New Westminster dissidents take case behind closed doors

(ACC) The normally public dealings of a group of Anglicans opposed to same-sex blessings in the Anglican Church of Canada's Diocese of New Westminster have moved behind closed doors on the say-so of a Texas priest.

From August 30 through September 3, the Anglican Communion in New Westminster (ACinNW), a coalition of eight parishes and 12 clergy who walked out of a June diocesan synod after hearing that same-sex blessings could go ahead in the diocese, will hold consultations with sympathetic foreign primates and bishops, but the meetings will be private.

Organizers say the only part of the gathering open to the press will be a September 1 celebration at a nearby Baptist church. They predict that more than 1,000 people, not only members of their coalition, will attend.

The Rev. Ed Hird, a spokesperson for the coalition, said in an interview that if it were up to him, the entire gathering would be open. Indeed, Hird's coalition has made public much of its correspondence with primates and bishops of the Anglican Communion, even before the diocesan synod.

It was not the coalition that which declared the consultations closed, but the Rev. Bill Atwood, a Texas priest and head of a conservative international mission organization called Ekklesia, whose membership is largely made up of conservative primates, archbishops and bishops. Atwood, who is serving as a booking agent of sorts for the primates, wrote in an e-mail, "The archbishops have not made a final decision about whether or not to have any press briefing, but I would be surprised if they do. The archbishops I know do not like to comment to the press about ongoing conversations."

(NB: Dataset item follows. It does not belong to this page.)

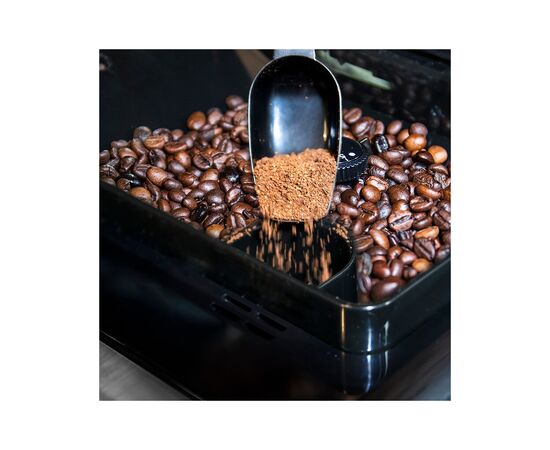 Кофемашина Cecotec CCTC-01504, изображение 7 Кофемашина Cecotec CCTC-01504, изображение 7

Atwood, Hird, and the diocese all refused to name those who have confirmed that they will attend the gathering, but a Sunday bulletin insert for ACinNW parishes identified them as Archbishop Bernard Malango of the Province of Central Africa; Archbishop Yong Ping Chung of the Province of South East Asia; Bishop Peter Njenga, representing Archbishop David Gitari of Kenya; and Bishop Andrew Fairfield from North Dakota.

New Westminster bishop Michael Ingham is in Brazil and has not said if he will meet with the primates, who have requested a meeting. Anglican protocol dictates that bishops and primates do not enter each other's dioceses without an invitation or permission from the local bishop. That did not happen in this case.

Fort Worth boycotts provincial synod over same-sex blessings

(ENS) Bishop Jack Iker and the standing committee of the Diocese of Fort Worth have refused to join other members of Province VII for their annual synod in October because of Kansas bishop William Smalley's decision to authorize the blessing of relationships other than heterosexual marriage. Smalley is chair of Province VII, of which Fort Worth is a part.

"The Standing Committee of the Episcopal Diocese of Fort Worth and I want to express our alarm and dismay over your decision to authorize the blessing of same sex unions and of other persons living in 'committed relationships' other than marriage," Iker wrote in a letter dated August 19. "This decision repudiates the clear teaching of Holy Scripture, the witness of the Christian Tradition over the ages, and the mind of the Anglican Communion as expressed in the Lambeth Conference of 1998.

"Your decision is a serious departure from Christian faith and practice, which violates our communion as Christians. It is divisive and schismatic. By your action, you have seriously compromised our relationship with you, and we wish to go on record as repudiating this new policy. As a consequence of this, no representatives from this Diocese will be present for the Province VII Synod, which you are to Chair in October.

"We call upon you to rescind this action in the interest of preserving the peace and unity of our Church," the letter concluded.